Thursday, April 28, 2011

The Healing Qualities of Cheese and Beer

Recipe: Wisconsin Beer Cheese Soup and Homemade Pretzels


Before I get on with my post, I need to mention the upcoming nuptials of one William the Prince and Catherine Middleton which occur tomorrow at exactly 4 AM. I am excited, yes, as any good American girl would be. There will be pretty dresses (and one extremely pretty white dress), beautiful hats, flowers, famous people (hello Elton John), and of course delicious delicious food (with the exception of the wedding cake... fruit cake? gross.) Many people have been doing posts on what to eat for Royal Wedding Parties (scones! tea! cookies!), but as I probably won't be getting up in the middle of the night to watch some handsome guy and pretty girl (His and Her Highness) tie the knot (if it were at 9 AM that would be a whole other story), I am just going to get on with business as usual.

It has been a horrible spring here in the midwest and all this bad weather gets me thinking about soup. I realize that most of my posts begin with some musing about the weather or changing of seasons but that is how I decide what to eat most weeks. Anyways, I haven't seen the sun in weeks and maybe part of it is due to the fact that I work in a windowless room all day but also it has been raining a lot. On days (weeks!) like that I want to laze around the house eating hunks of cheese and sipping on beer, as most people would (and no "Sconnie" jokes, please).  There is something wonderful about a nice piece of cheese that gets me excited. Think about it, cheese is a mixture of the culinary and the scientific. Who first thought to eat fermented milk? It's really a miracle that we eat it at all. But, the flavors can be so complex and deep and interesting in a nice piece of cheese, that I often find myself having a Ratatouille moment when I eat it. Its such an easy way to brighten a little spot in my day.
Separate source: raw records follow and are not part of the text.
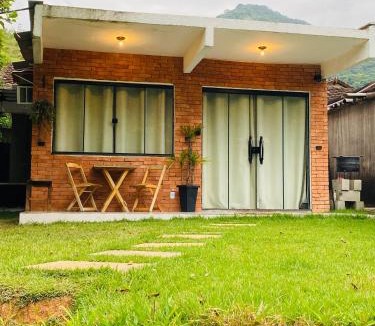 Casimiro de Abreu Apartment | Raízes da Serra , Refúgio Beira-Rio no Baixo Sana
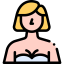 Woman icône 64x64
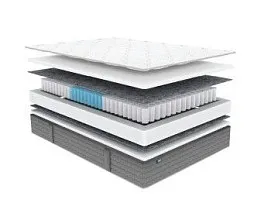 Матрас ОК Базис Плюс 120х200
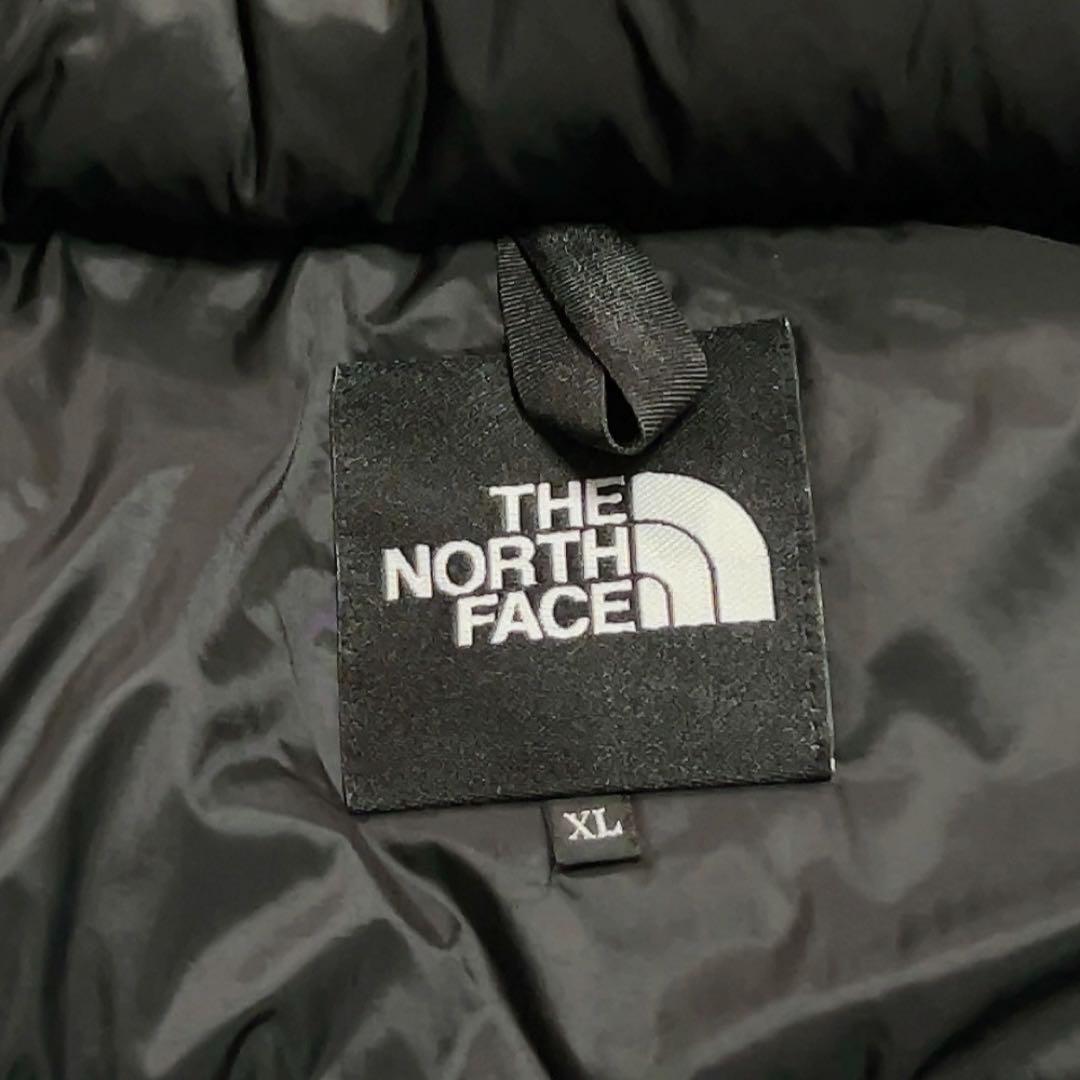 未使用級美品✨THE NORTH FACE バルトロライトジャケット 黒　XL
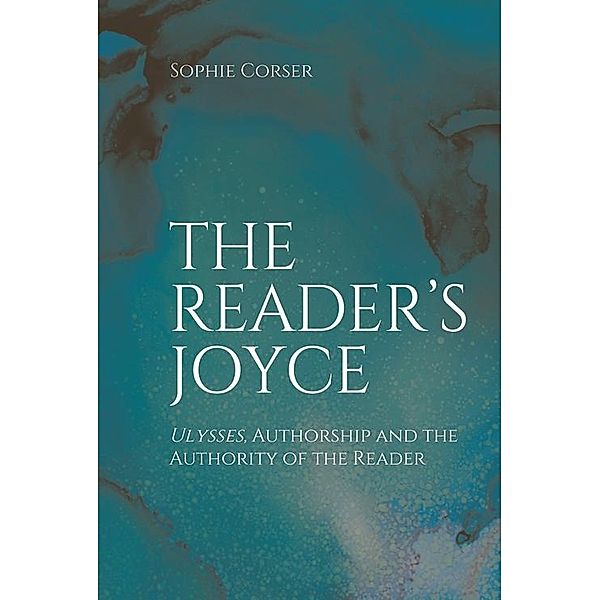 Reader's Joyce, Sophie Corser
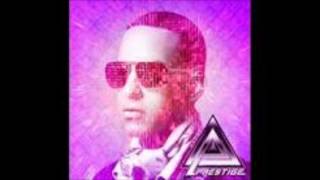 Daddy Yankee - La Maquina De Baile (Original) (Prestige 2012) DALE ME GUSTA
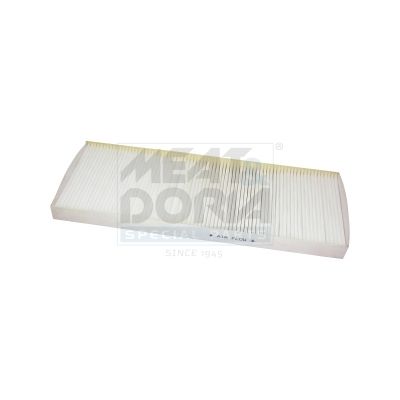 Filter, Innenraumluft
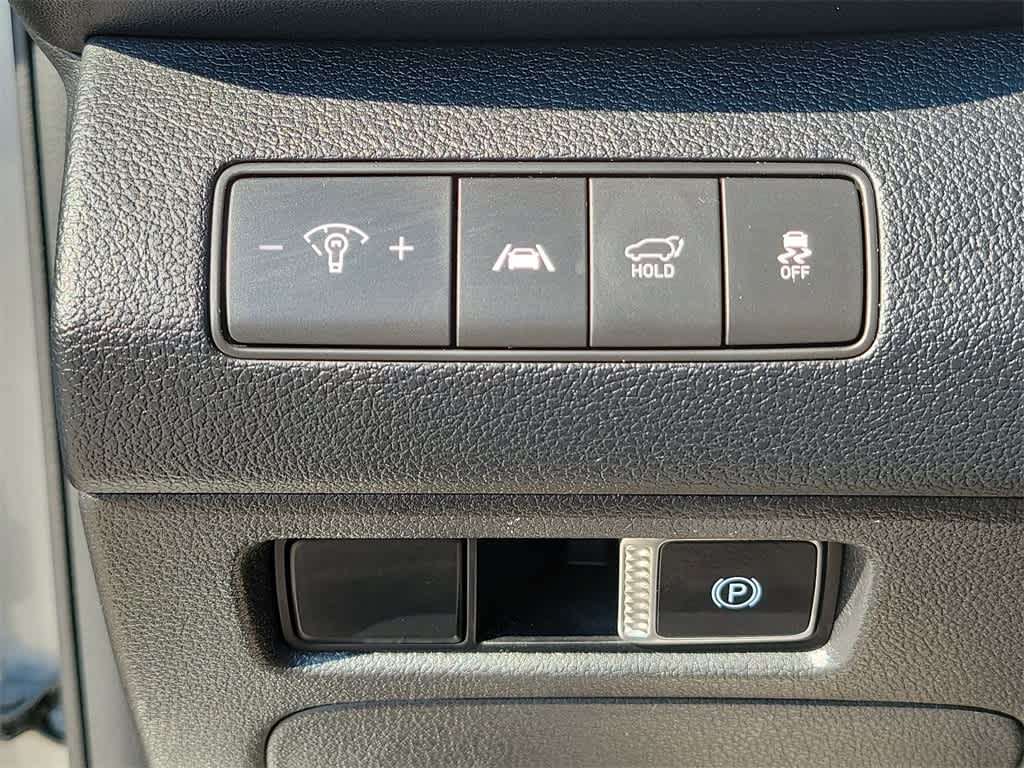 2023 Hyundai Santa Fe SEL 22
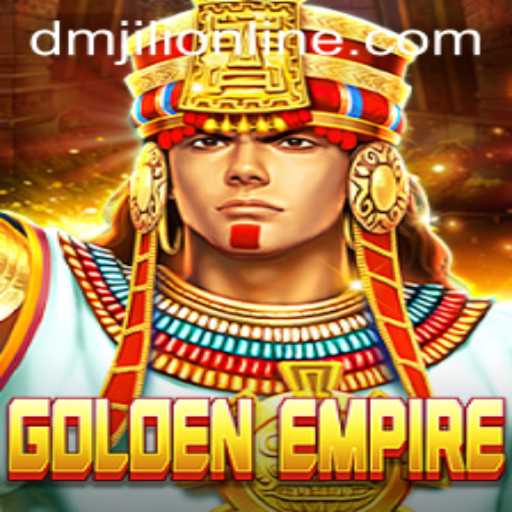 Golden Empire: A New Adventure in Online Gaming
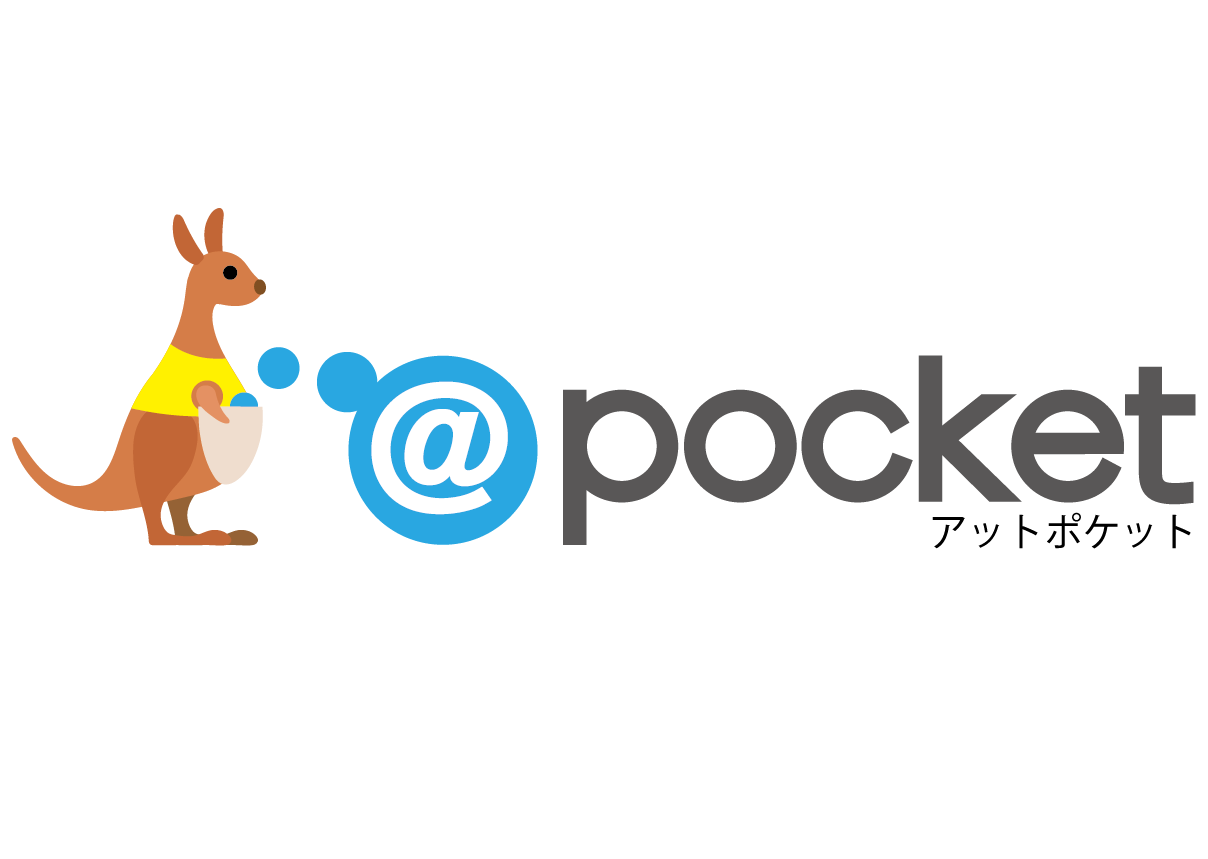 @pocket（アットポケット）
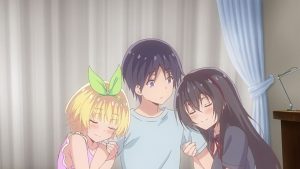 Kawaikereba Hentai demo Suki ni Natte Kuremasu ka? Episodio 12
Forget pairing cheese with wine! A good Wisconsin girl like myself would reach for a beer to pair with cheese. That combination, of beer and cheese, turns a really terrible day into a good one. Well, maybe I am being a little overly dramatic, but a really good pairing can push me over the edge sometimes. I, then, remembered that there is such a thing as beer cheese soup, thus combining all of my favorite things for a rainy day, and I decided to make it.

What pairs well with beer cheese soup, you ask? A nice soft pretzel! When I was younger I was amazed that you could make things at home that you usually bought at the store. For instance, I grew up on canned pasta sauce and the first time I had it homemade was a huge revelation. From that point forward I tried cooking all sorts of things that I usually purchased (cookies, breads, cream puffs....), and dragged my friends in the projects too. I think this is one of many reasons why I ended up as a professional cook. In any case, homemade soft pretzels are something my friend and I would make to pass the lazy summer afternoons. We would get the dough made, and then turn on Ever After while the yeast kicked in. Once we shaped the dough in to the first letter of all our friend's names and then hand-delivered the gifts. Nothing says love like a hand-shaped pretzel.

If you have a case of the rainy day blues spend the day indoors and try out this recipe. Maybe it would have quite the same healing power as it did on me, but you will enjoy it nonetheless.


Soft Pretzels 

I had a little trouble with this recipe (namely the shaping of the pretzel and the par-boiling. (See the ugly looking pretzel below.) I also had some Hawaiian black salt on hand, instead of pretzel salt so that's what I used to season.


Wisconsin Beer Cheese Soup



5 tablespoons butter
1/2 leek cleaned and diced
3 carrots, cleaned peeled and diced
1 large onion, diced
4 ribs of celery, diced
5 tablespoons flour
2 12 oz bottles of beer, use a pale ale or a lager
5 cups vegetable stock
1 cup milk
1 pound sharp cheddar cheese
1/4 cup parmesan cheese
2 teaspoons cayenne pepper
2 teaspoons ginger powder
2 teaspoons paprika
1 tablespoon Worcestershire sauce
Salt and Pepper, to taste
Garnish with chopped chives

1. Heat beer in a sauce pan bring to a boil and reduce by half. Add vegetable stock and milk and heat.

2. Sweat leeks, carrots, onions, and celery in butter until softened. About five minutes. Stir in flour. Slowly whisk in hot liquids and bring soup to a simmer. Add cayenne, ginger, and paprika and simmer soup uncovered over medium low heat for 30 to 45 minutes.

3. Take soup off stove and puree with an immersion blender or in small batches in a food processor. Strain into a clean pot.

4. Return to heat and slowly whisk in cheese in small batches, allowing the cheese to melt before adding more. Strain again if necessary. Season with salt and pepper and serve hot with chives, a glass of beer and a nice soft pretzel.